Publié le par Rosalie210

Sergio Leone (1965)

Et pour quelques dollars de plus (Per qualche dollaro in più)

Comme une mise en abyme involontaire et ironique, c'est à cause d'une histoire de gros sous que le premier western de Sergio LEONE est devenu une trilogie. Le succès international inattendu de "Pour une poignée de dollars (1964)" eut l'effet paradoxal d'entraîner un procès avec Akira KUROSAWA qui estimait à juste titre que le film était un plagiait de "Yojimbo - Le Garde du corps (1960)". Akira KUROSAWA gagna le procès et obtint les droits de distribution du film de Sergio LEONE pour l'Extrême-Orient. La société de production américaine qui avait financé "Pour une poignée de dollars (1964)" se remboursa en privant Sergio LEONE de salaire: il ne toucha pas un centime sur son premier film. C'est ce qui le poussa à fonder sa propre société de production et à mettre en chantier un second opus en tous points supérieur à son prédécésseur.

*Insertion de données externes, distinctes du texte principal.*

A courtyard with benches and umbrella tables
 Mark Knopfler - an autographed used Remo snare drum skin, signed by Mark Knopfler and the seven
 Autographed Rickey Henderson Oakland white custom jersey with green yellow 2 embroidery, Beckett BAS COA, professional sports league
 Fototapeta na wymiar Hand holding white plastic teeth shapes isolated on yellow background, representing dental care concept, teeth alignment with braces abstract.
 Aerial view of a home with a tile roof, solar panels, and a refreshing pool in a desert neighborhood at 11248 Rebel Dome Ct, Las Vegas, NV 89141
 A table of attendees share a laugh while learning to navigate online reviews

En effet là où "Pour une poignée de dollars (1964)" faisait figure d'esquisse en raison notamment d'un budget et d'un scénario limités, "Et pour quelques dollars de plus" fait figure d'œuvre achevée. Sergio LEONE y affirme son style opératique, baroque et flamboyant, toujours aussi bien épaulé par la musique d'Ennio MORRICONE tout en développant un scénario beaucoup plus étoffé. Certes, il reprend le motif du méchant joué par Gian Maria VOLONTÉ dont les actes criminels particulièrement ignobles (viol et assassinat de femme et d'enfant) font passer les deux chasseurs de prime à la gâchette pourtant facile joués par Clint EASTWOOD et Lee Van CLEEF pour des saints. Une conception relative du bien et du mal très asiatique là où les occidentaux en ont une conception absolue et manichéenne ("Tu ne tueras point, point."). Mais la nouveauté réside justement dans le dédoublement de la figure du "héros" leonien. Clint EASTWOOD reprend les habits de "L'Homme Sans Nom" et joue peu ou prou le même rôle d'observateur-justicier-arbitre cynique et détaché que dans le film précédent. Mais Sergio LEONE lui adjoint Lee Van CLEEF dans un rôle qui préfigure celui de Charles BRONSON dans "Il était une fois dans l'Ouest (1968)". Le film y gagne en densité dramatique et humaine avec le thème de l'amitié virile et intergénérationnelle ainsi que celui de la vengeance. La scène finale dans l'arène préfigure quant à elle le film suivant "Le Bon, la brute et le truand (1966)". Sergio LEONE déploie un langage visuel souvent chargé d'une ironie jouissive. Le colonel Mortimer lisant la Bible alors qu'il va toucher la prime de l'homme qu'il vient de tuer en est un parfait exemple. Le vol du coffre-fort de la banque d'El Paso réputée imprenable en est un autre: le réalisateur insiste sur le très lourd dispositif mis en place dans la partie avant de la banque pour empêcher les malfaiteurs de s'emparer du coffre puis il montre que ceux-ci n'ont qu'à faire sauter le mur arrière pour s'en emparer.